Exercise brief
Your copy of the data should match it exactly, leaving out only the pictures.

Web page caption snippets:
═══
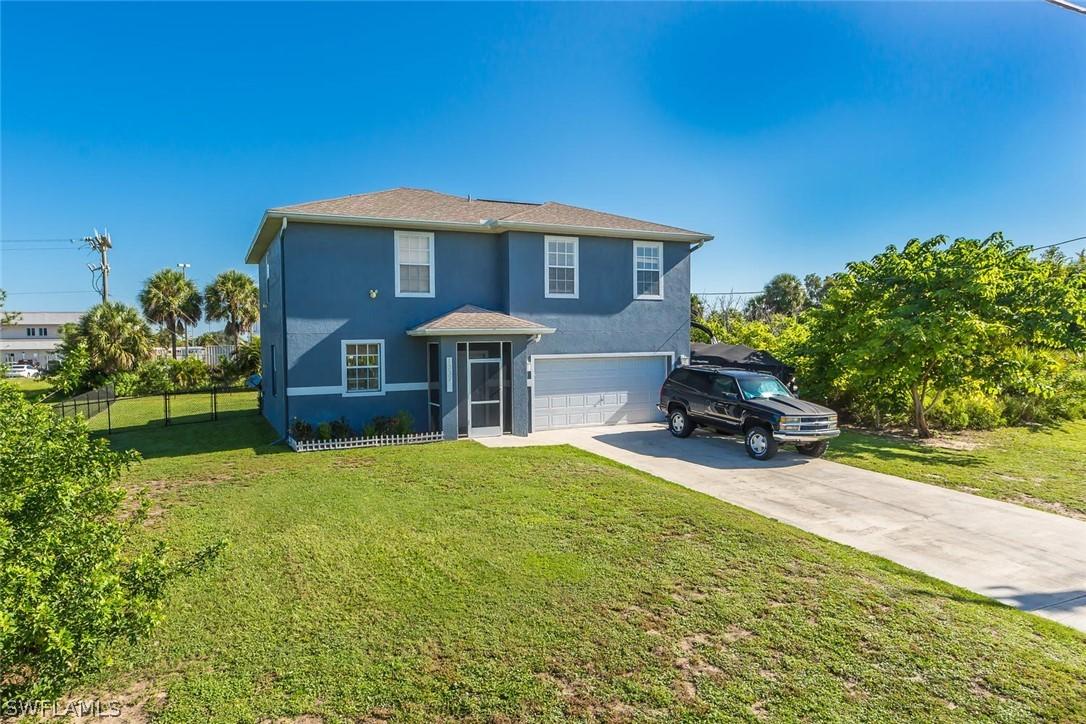 1337 NW 4th St., Cape Coral, FL 33993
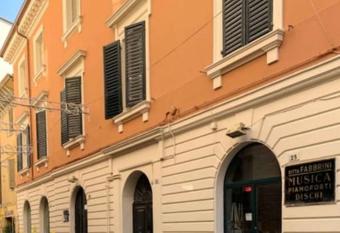 Appartamento centro storico Nuovo e Ristrutturato allows 18 year olds to book a room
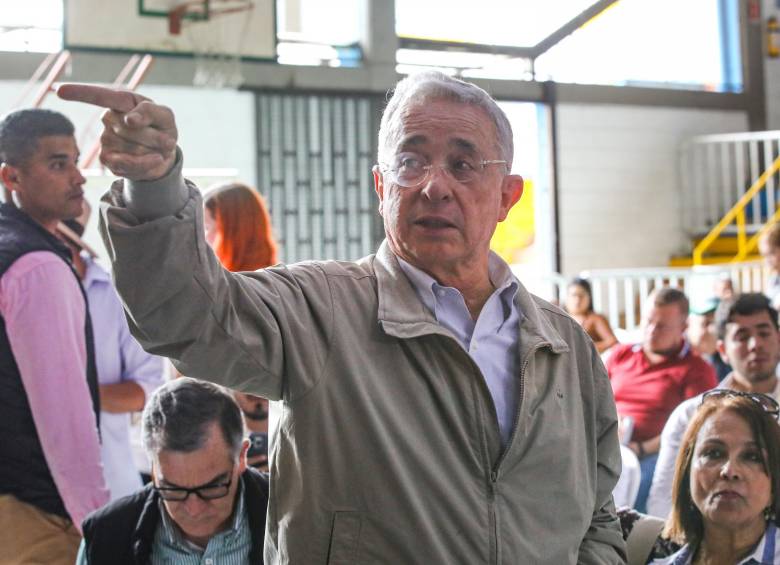 Álvaro Uribe Vélez fue alcalde de Medellín, gobernador de Antioquia, congresista y Presidente, entre otros cargos. FOTO: ESNEYDER GUTIÉRREZ.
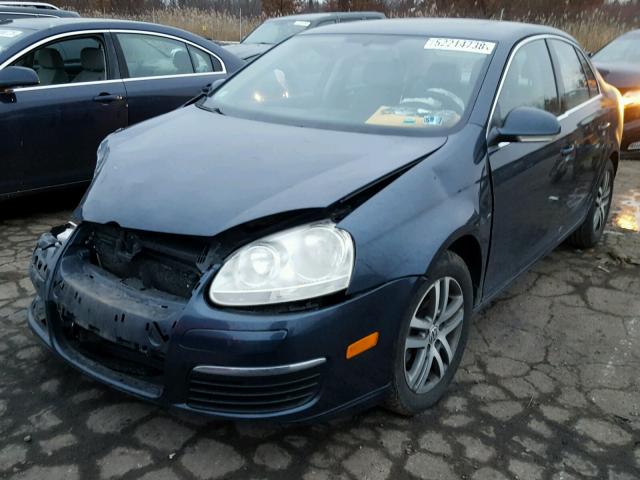 3VWDT71K26M628114 - 2006 VOLKSWAGEN JETTA TDI BLUE photo 2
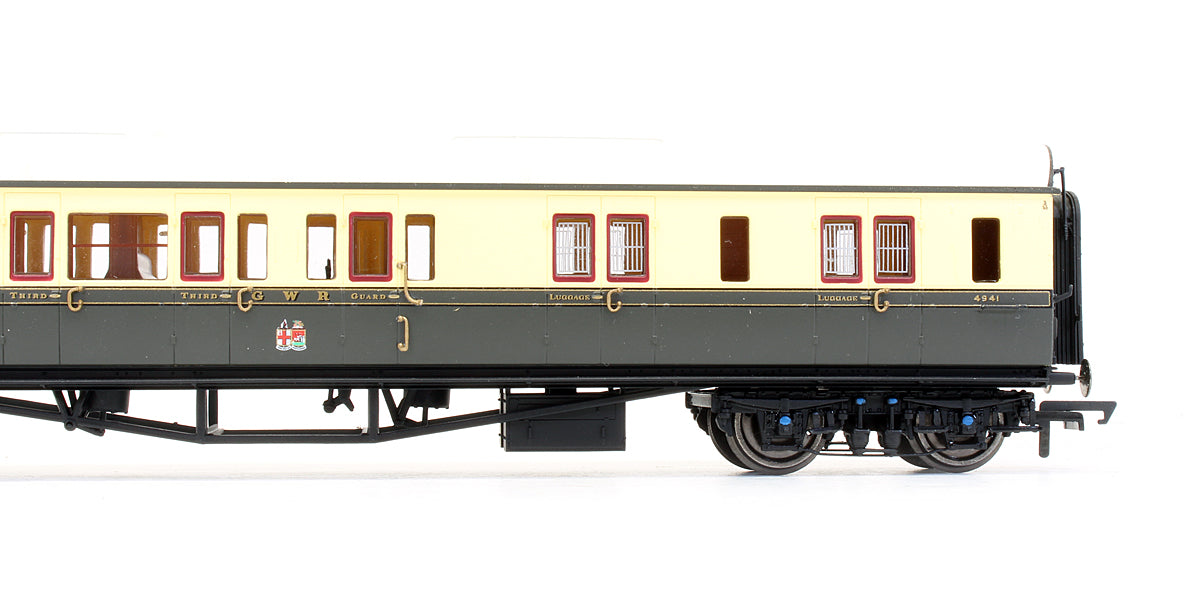 Pre-Owned GWR Collett Corridor Brake 3rd (RH) Coach '4941'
═══
Solution
 1337 NW 4th St., Cape Coral, FL 33993
 Appartamento centro storico Nuovo e Ristrutturato allows 18 year olds to book a room
 Álvaro Uribe Vélez fue alcalde de Medellín, gobernador de Antioquia, congresista y Presidente, entre otros cargos. FOTO: ESNEYDER GUTIÉRREZ.
 3VWDT71K26M628114 - 2006 VOLKSWAGEN JETTA TDI BLUE photo 2
 Pre-Owned GWR Collett Corridor Brake 3rd (RH) Coach '4941'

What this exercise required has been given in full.